事の発端は、先月1日に海老名市立図書館がリニューアルオープンしてから4日後の同月5日に遡る。TRCはCCCに対して、協業関係を解消するとともに今後も連携しないことを伝達したという。折しも、その前日にはタイ・バンコクの風俗店情報を掲載した図書を蔵書していたことが市議会議員の告発で発覚したと報じられていた。
図書館関係者は次のように話す。
「海老名市立図書館(分館の有馬図書館も含む)は、13年からTRCが指定管理業者として運営を受託し、14年からは5年契約でCCCとの共同企業体が運営することになった。その背景には、CCCが運営する武雄市図書館(佐賀県)に感銘を受けた内野市長の意向があり、当初はCCCの増田宗昭社長とTRCの石井昭社長のトップ会談で友好的な協業関係を構築していた。TRCはCCCの生み出す集客力に、CCCはTRCのこれまでの経験や実績をそれぞれ評価していたようだ。それがたった1年で険悪な関係になるとは思っていなかった」
また、別の図書館関係者は語る。
「この1年でTRCの態度が180度変わったのは、CCCに問題があったようだ。共同企業体といえば聞こえはいいが、筆頭企業であるCCCが、パートナーであるはずのTRCをまるで下請け業者のように扱ったことが石井社長の逆鱗に触れたようだ。10億円近くかけて改装した立派な中央図書館の選書・蔵書・運営というおいしいところはすべてCCCが持っていき、TRCは分館である公民館図書室規模の有馬図書館を運営することになった。図書館業界で長く実績を築いてきたTRCにとってはこの上ない屈辱で、業界の生き字引的存在である石井社長にとっては許せなかったのだろう。その怒りが爆発するきっかけとなったのが、4日の蔵書問題発覚だった。その少し前には愛知県小牧市がCCCとTRCの共同企業体による新図書館構想を白紙撤回したこともあり、これ以上CCCのとばっちりを食うのを避けたいと考えて、5日にCCCに協業解消を申し入れたのです。その時点で石井社長はマスコミ向けに発表することも考えていたが、周囲が抑えたようです」
■図書分類問題
企業理念の違いは、実は図書館運営に関するプライドの問題でもあった。特にTRCを刺激したのが、CCCが独自に構築したという「ライフスタイル分類」という新たな図書分類だ。ライフスタイルの提案を訴えるCCCらしい分類方法ではあるが、問題はその中身にある。
よく指摘されるのが『旧約聖書出エジプト記』が旅行の棚にあるなど、その分類があたかもタイトルを頼りに振り分けているとしかみられない点だ。さらに、そう訝るのにも理由がある。

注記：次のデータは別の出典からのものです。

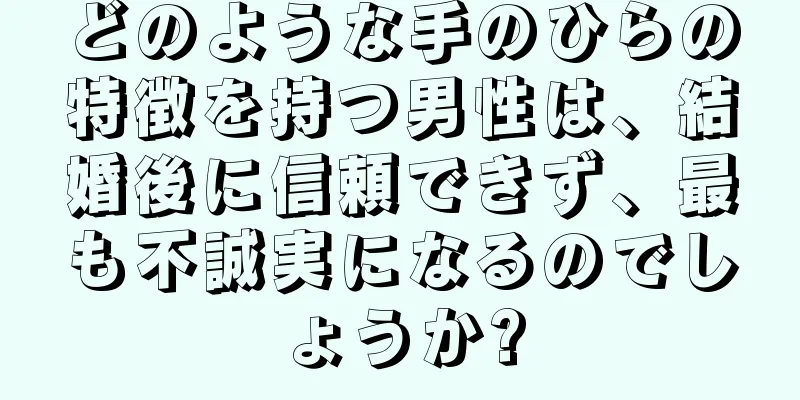 どのような手のひらの特徴を持つ男性は、結婚後に信頼できず、最も不誠実になるのでしょうか?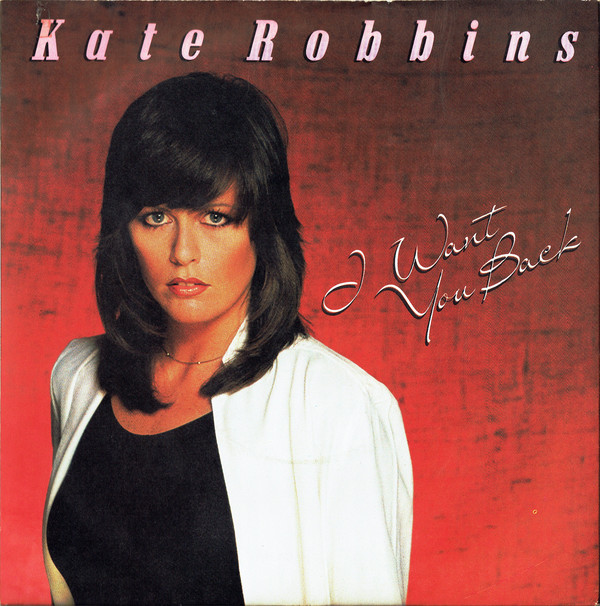 Kate Robbins - I Want You Back - Used Vinyl Record 7" image 1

パートナー企業であるTRCにすら、その分類方法は「企業秘密」として公開していないからだ。入荷・返却された本をどこに置くか、スタッフが図書を配架する際にも元の場所がわからないという混乱もあった。従来の図書館のNDC分類が完璧とはいえないものの、「ライフスタイル分類」への疑問は付きまとう。
「これまでの図書館の価値観を否定して、CCCによる新しい図書館の価値観を示すのが彼らのスタンスだったはず。とすれば、これまでの図書館を支えてきたTRCを見下そうとしていたのはわかる。書店業界においても、当初は雑誌売り場としかみられていなかったCCCが運営するTSUTAYA(ツタヤ)が書籍も売っていこうと書店化に取り組んだときも、これまでの書店のやり方に否定的でした。20年前は再販問題との絡みでタブーだった『ポイントサービス』や『古本販売』にいち早く取り組んだのもツタヤでした」(出版業界関係者)
■一転、和解へ
こうしたTRC・石井社長の怒りがついに噴火したのが、10月26日付業界紙「文化通信」の記事だった。この報道を皮切りに、一般紙やネットメディアがこぞってこの問題を取り上げた。10月28日には日本経済新聞がいち早く、海老名市立図書館における「共同企業体の解消はなくなった」と報じ、10月30日の和解会見へとつながっていく。
その後、CCCとTRCの問題はあっという間に収束したのだが、図書館関係者は語る。
「実は11月15日(8日告示)に海老名市長選が行われる。内野市長は4選出馬を表明していた。10月1日の海老名市立図書館のリニューアルオープン、29日のららぽーと海老名のグランドオープンと2つの施設の成功を手土産に、再選を果たそうと計算していたのではないかとみられています。ららぽーと海老名は大盛況だったが、海老名市立図書館で味噌を付けられた。CCC とTRCの不和を放置していては、指定管理を進める市長にも逆風となる。そこで、早急な手打ちを両社に迫ったのでしょう。TRCは指定管理業者として多くの自治体と取引関係にあるため、海老名市とケンカをしてまで契約を破棄するような無茶はできない。結局は27日、28日と2日にわたって市と両社の3者で話し合い、市長が両社を説き伏せたようです」
今回の一件が、広がりつつある自治体による公共施設の民間業者委託の動きに一石を投じたのは間違いないだろう。